Einig war man sich ebenfalls bei dem hohen Stellenwert der lokalen Ortskräfte. Ohne diese hätte man vielerorts nicht die Möglichkeit so zu berichten, wie es erwartet werde. Die Ortskräfte sind laut der Sprecher*innen unerlässlich für den Zugang zu Land und Leuten und es sei bedauerlich, dass sie bis heute noch nicht die Anerkennung bekommen, die sie verdienen. Stringer (Personen, die dabei helfen, eine Story zu arrangieren und Informationen für diese zu sammeln), Producer, Autor*innen und andere lokale Unterstützer*innen werden zum Teil überhaupt nicht oder zu selten im Abspann einer Berichterstattung genannt. Auch würden diese bei Evakuierungsplänen oder anderen Sicherheitshemen oft vergessen, obwohl sie doch für die Berichterstattung für ausländische Medien ihr Leben riskieren.

Kontroversen gab es bei der Fragestellung, inwieweit man Einfluss auf die Themensetzung der Medienlandschaft nehmen könne. Die dienstälteren Fachleute vertraten die Ansicht, dass bereits viel geschehen sei und man durchaus mit gezielten Langzeitreportagen etwas zur Themensetzung beitragen könne. Den jüngeren Journalist*innen war das aber noch nicht genug. Sie forderten mehr Mut der Leser*innen, Hörer*innen und Zuschauer*innen, Diversität in der Berichterstattung einzufordern.

Die unterschiedliche Meinung der Generationen griff die Moderatorin gekonnt auf, indem beide Parteien noch einen kurzen Ratschlag in zwei Sätzen mit auf den Weg geben durften. 
Anschließend wurde das Gespräch für das Publikum geöffnet. So gab es unter anderem praktische Tipps für freie Journalist*innen und eine Debatte um die moralische Vertretbarkeit über das Geldverdienen mit der Berichterstattung über Krisen und Konflikte.
 

Die Diskussionen und der Wissensaustausch beschränkten sich aber nicht nur auf das Geschehen auf der Bühne. Im Nachgang an die Podiumsdiskussion tauschte man sich bei dem ein oder anderen kühlen Getränk und Häppchen im Foyer aus.
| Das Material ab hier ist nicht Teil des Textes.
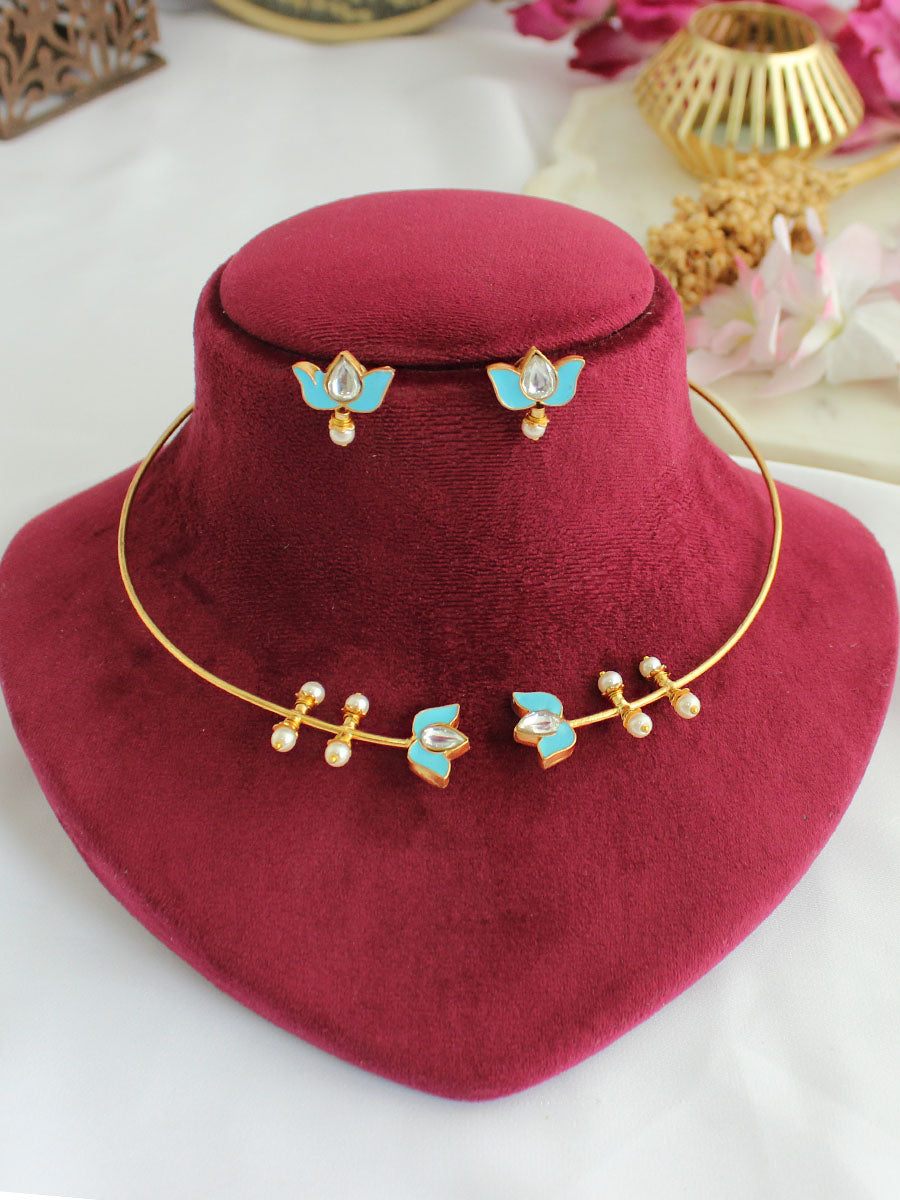 Avanti Hasli Necklace Set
Neue und alte Bekanntschaften wurden gemacht, bevor es am nächsten Morgen mit der Fachtagung im Gebäude der Süddeutschen Zeitung weiterging.
 

Organisiert wurde der Abend vom journalists.network e.V . Der Verein ist ein Zusammenschluss junger Journalist*innen, der sich der Förderung der Auslandsberichterstattung widmet. Ziel seiner Arbeit ist es, die Auslandsberichterstattung in Deutschland zu fördern und die außenpolitische Kompetenz junger Medienschaffender zu stärken. Hierfür organisiert der Verein seit 1995 Recherchereisen in Europa, Afrika, Asien und Lateinamerika sowie Hintergrundgespräche zu außenpolitischen Themen. Im Kuratorium des Vereins engagieren sich unter anderem ZEIT-Chefredakteur Giovanni di Lorenzo, NZZ-Chefredakteur Eric Gujer und Peter Kloeppel, Chefmoderator RTL.